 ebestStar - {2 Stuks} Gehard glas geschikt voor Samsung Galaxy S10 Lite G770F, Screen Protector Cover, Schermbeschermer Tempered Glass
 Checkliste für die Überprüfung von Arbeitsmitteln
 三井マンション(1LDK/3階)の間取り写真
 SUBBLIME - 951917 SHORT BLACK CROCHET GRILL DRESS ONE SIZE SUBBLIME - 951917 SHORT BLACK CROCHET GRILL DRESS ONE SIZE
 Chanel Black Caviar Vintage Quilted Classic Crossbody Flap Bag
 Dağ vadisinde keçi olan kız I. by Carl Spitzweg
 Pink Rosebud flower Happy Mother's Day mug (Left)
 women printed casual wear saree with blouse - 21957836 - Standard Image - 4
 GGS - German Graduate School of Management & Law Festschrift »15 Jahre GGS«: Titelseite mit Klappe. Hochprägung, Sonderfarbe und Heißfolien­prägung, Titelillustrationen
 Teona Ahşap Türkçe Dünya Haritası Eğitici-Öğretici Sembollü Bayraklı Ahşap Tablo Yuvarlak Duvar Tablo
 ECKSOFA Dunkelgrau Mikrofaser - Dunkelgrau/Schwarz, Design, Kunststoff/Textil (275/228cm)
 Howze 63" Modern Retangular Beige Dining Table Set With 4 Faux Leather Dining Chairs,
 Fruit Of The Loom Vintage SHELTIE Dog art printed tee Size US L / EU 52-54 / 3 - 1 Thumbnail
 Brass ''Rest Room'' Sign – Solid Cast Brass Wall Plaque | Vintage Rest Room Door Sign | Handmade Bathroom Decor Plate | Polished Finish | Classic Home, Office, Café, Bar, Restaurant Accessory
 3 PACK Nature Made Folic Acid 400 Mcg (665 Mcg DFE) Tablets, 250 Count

■ Exercise objective ■
Scan the preceding listing for the string "printed" and copy every line where it occurs.

■ Output for this task ■
 women printed casual wear saree with blouse - 21957836 - Standard Image - 4
 Fruit Of The Loom Vintage SHELTIE Dog art printed tee Size US L / EU 52-54 / 3 - 1 Thumbnail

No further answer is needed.